Interaction-based Retrieval-augmented Diffusion Models for Protein-specific 3D Molecule Generation

Authors: Zhilin Huang, Ling Yang, Xiangxin Zhou, Chujun Qin, Yijie Yu, Xiawu Zheng, Zikun Zhou, Wentao Zhang, Yu Wang, Wenming Yang

ICML 2024 | Conference PDF | Archive PDF | Plain Text | LLM Run Details

Reproducibility Variable Result LLM Response
Research Type Experimental Empirical studies on Cross Docked2020 dataset show IRDIFF can generate molecules with more realistic 3D structures and achieve stateof-the-art binding affinities towards the protein targets, while maintaining proper molecular properties.
Researcher Affiliation Collaboration 1Shenzhen International Graduate School, Tsinghua University 2Peng Cheng Laboratory 3Peking University 4School of Artificial Intelligence, University of Chinese Academy of Sciences 5China Southern Power Grid 6Xiamen University.
Pseudocode Yes Algorithm 1 Training Procedure of IRDIFF; Algorithm 2 Sampling Procedure of IRDIFF
Open Source Code Yes The codes and models are available at https://github.com/YangLing0818/IRDiff.
Open Datasets Yes To pretrain PMINet with binding affinity signals, we use the PDBbind v2016 dataset (Liu et al., 2015), which is most frequently used in bindingaffinity prediction tasks.

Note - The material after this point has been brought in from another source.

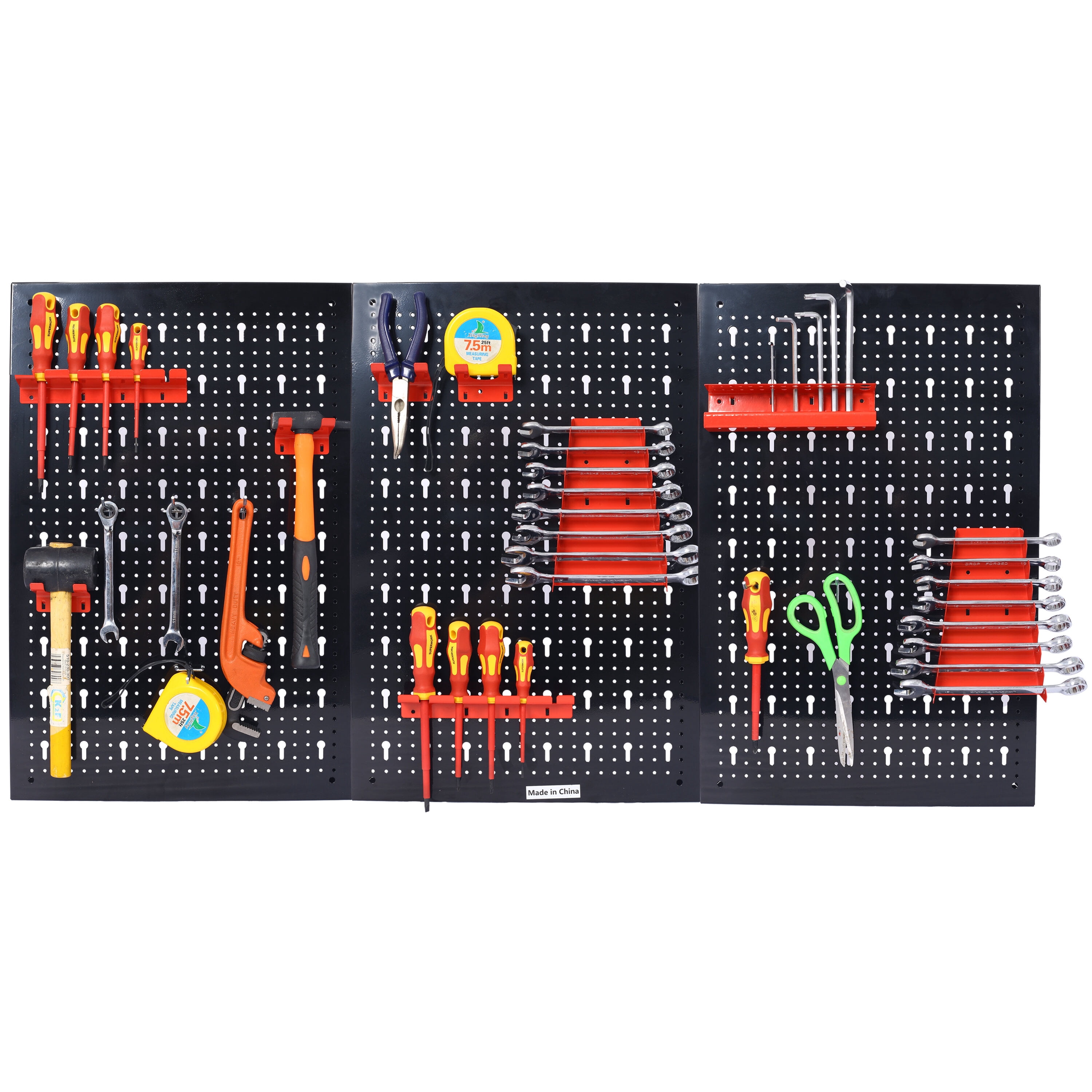 4ft Metal Pegboard Wall Organizer Kit - Heavy Duty 132LB Capacity Tool Storage System with 3 Panels, Hooks & Accessories for Garage, Workshop (Black)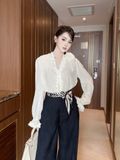  Set Áo Chất Tơ Quần Bò Kèm Khăn Lụa S875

As for molecular generation, following the previous work (Luo et al., 2021; Peng et al., 2022; Guan et al., 2023a), we train and evaluate IRDIFF on the Cross Docked2020 dataset (Francoeur et al., 2020).
Dataset Splits No The paper specifies training and testing sets, stating "This produces 100, 000 protein-ligand pairs for training and 100 proteins for testing." However, it does not explicitly provide details for a validation split.
Hardware Specification Yes We train PMINet on a single NVIDIA V100 GPU, and we use the Adam as our optimizer with learning rate 0.001, betas = (0.95, 0.999), batch size 16. The experiments are conducted on PDBBind v2016 dataset as mentioned in the main text. ... we train the parameterized diffusion denoising model of our IRDIFF on a single NVIDIA V100 GPU, and it could converge within 200k steps.
Software Dependencies No The paper mentions using "Adam as our optimizer" and "Auto Dock Vina" as a tool, but it does not specify version numbers for any software libraries, frameworks (like PyTorch or TensorFlow), or other key dependencies required for reproduction.
Experiment Setup Yes We use the Adam as our optimizer with learning rate 0.001, betas = (0.95, 0.999), batch size 4 and clipped gradient norm 8. We balance the atom type loss and atom position loss by multiplying a scaling factor λ = 100 on the atom type loss. We select the fixed sigmoid β schedule with β1 = 1e 7 and βT = 2e 3 as variance schedule for atom coordinates, and the cosine β schedule with s = 0.01 for atom types. The number of diffusion steps are set to 1000. In practice, we set the number of neighbors kn = 32.